- _Task details_: In the records below, find every line with the word "Capacity" and copy it.
Records for the exercise Start Marker
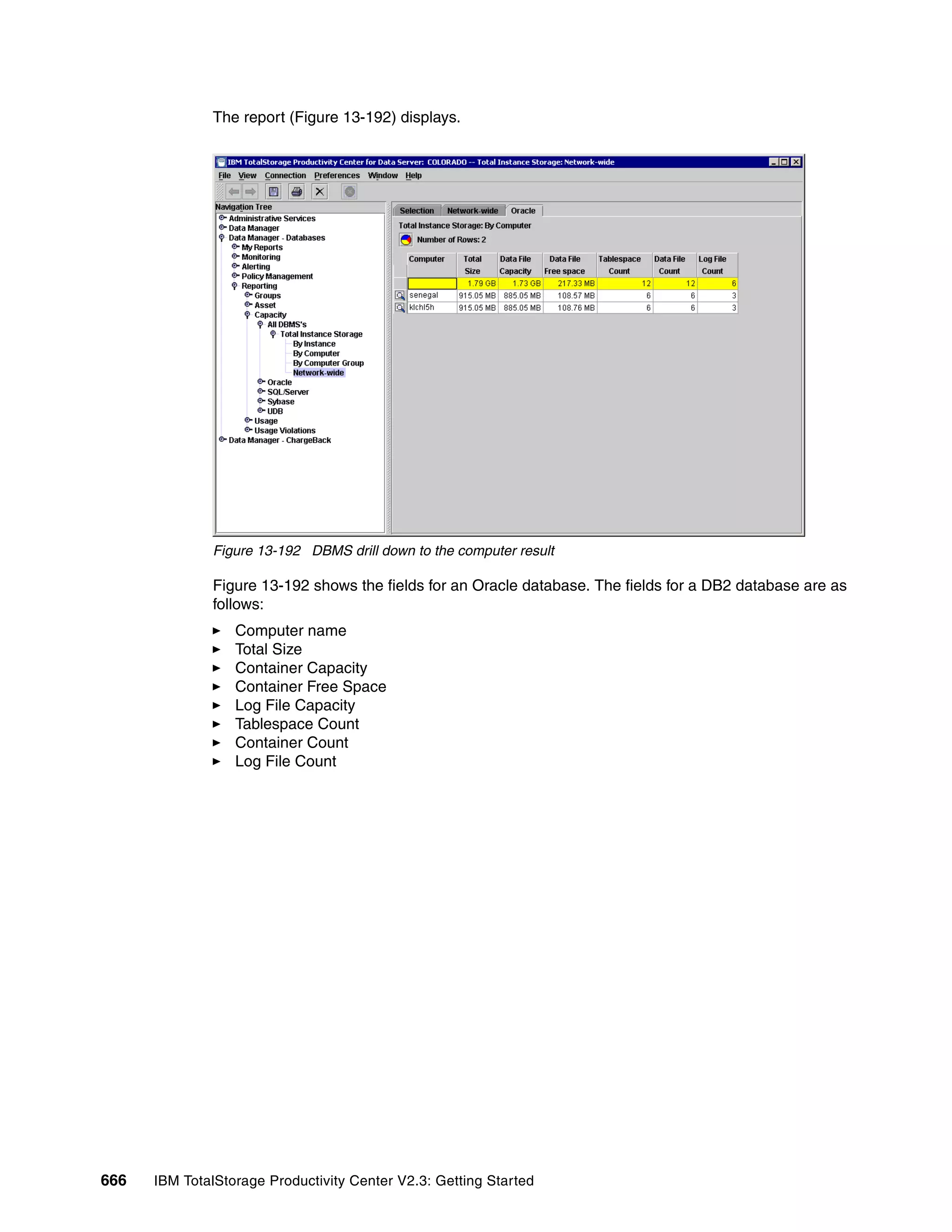 The report (Figure 13-192) displays.




              Figure 13-192 DBMS drill down to the computer result

              Figure 13-192 shows the fields for an Oracle database. The fields for a DB2 database are as
              follows:
                  Computer name
                  Total Size
                  Container Capacity
                  Container Free Space
                  Log File Capacity
                  Tablespace Count
                  Container Count
                  Log File Count




666   IBM TotalStorage Productivity Center V2.3: Getting Started
 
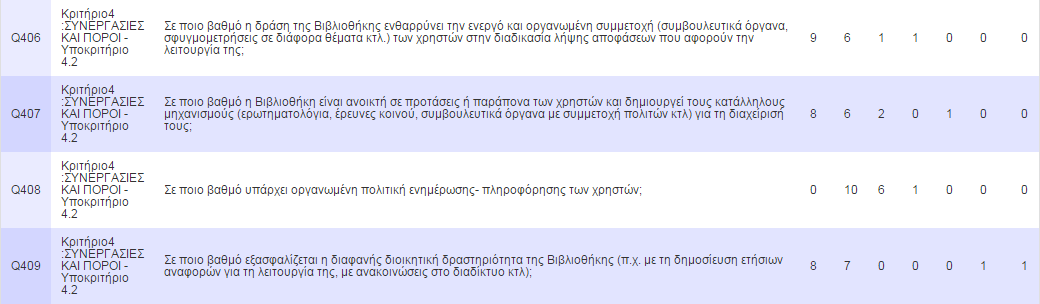 66 Κριτήριο 4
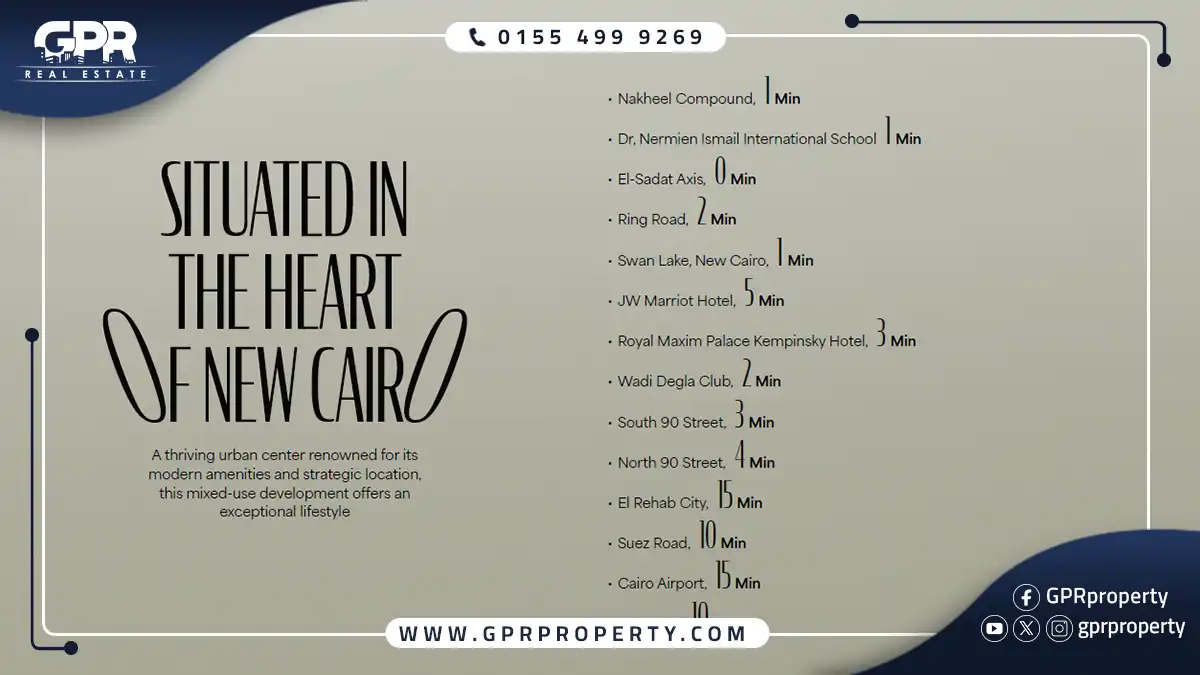 Voke-Mall-New-Cairo-Nearby-Places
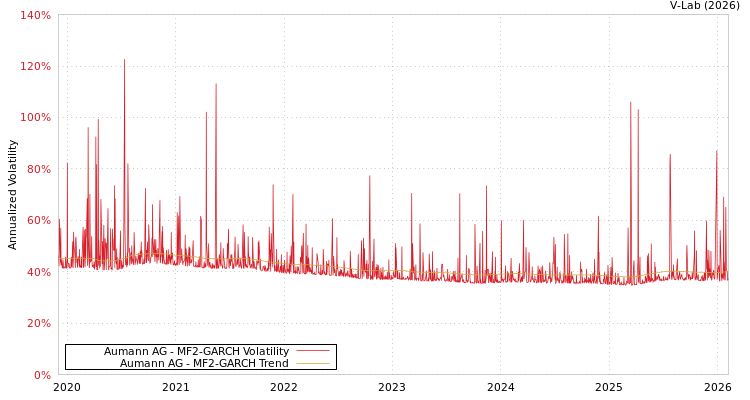 graph of Aumann AG MF2-GARCH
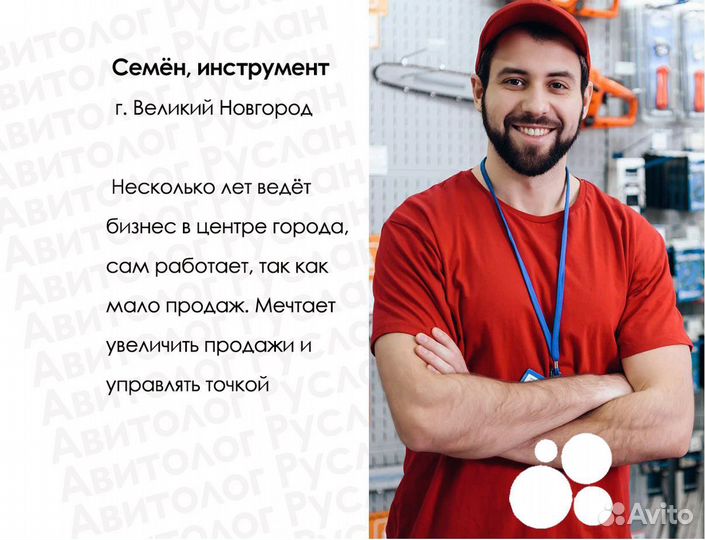 Авитолог / Постинг / Настройка авито / Обучение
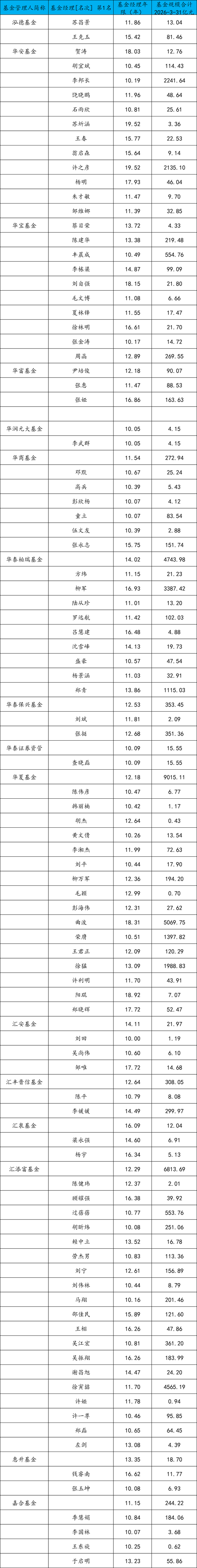 哪家基金公司10年老将最多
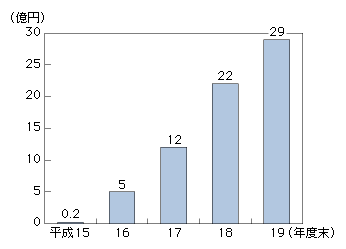 図表4-7-2-3　信書便事業者の売上高の推移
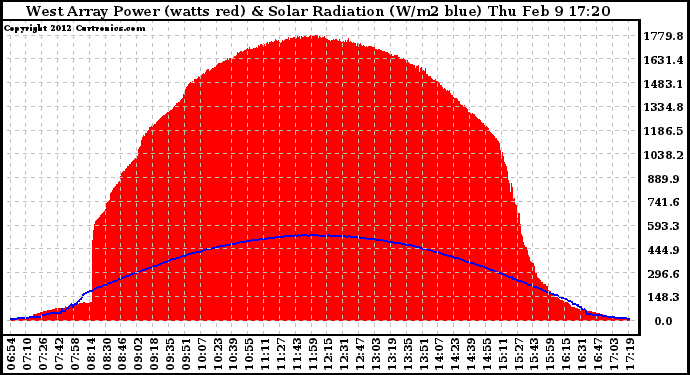 Solar PV/Inverter Performance West Array Power Output & Solar Radiation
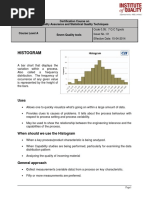 Histogram: Certification Course On Quality Assurance and Statistical Quality Techniques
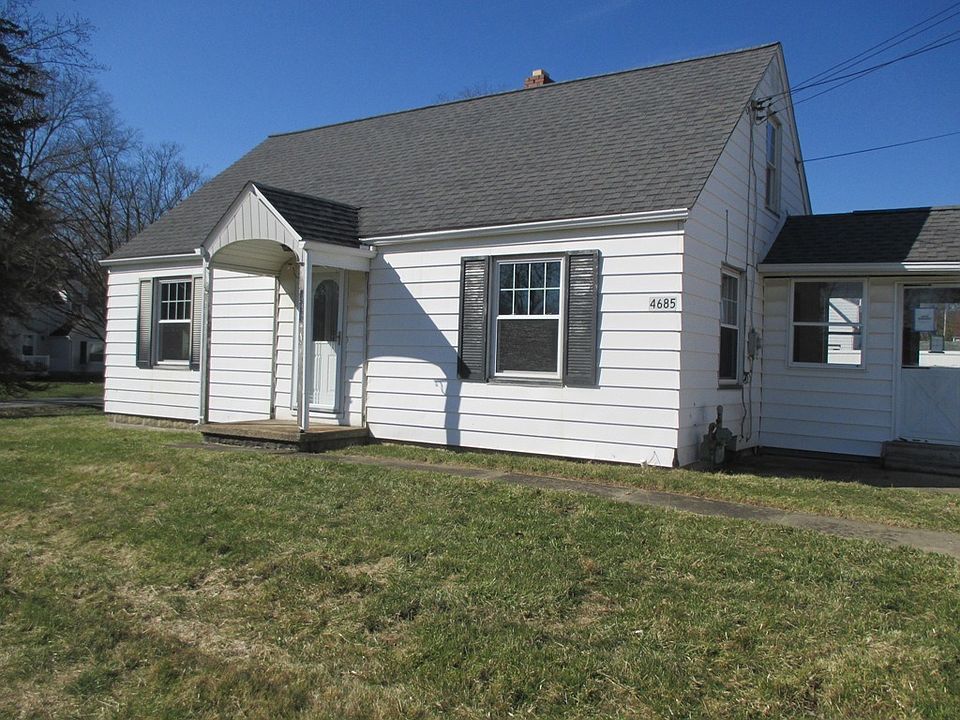 Property Front View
Records for the exercise End Marker
- _Reply to the exercise_:
                  Container Capacity
                  Log File Capacity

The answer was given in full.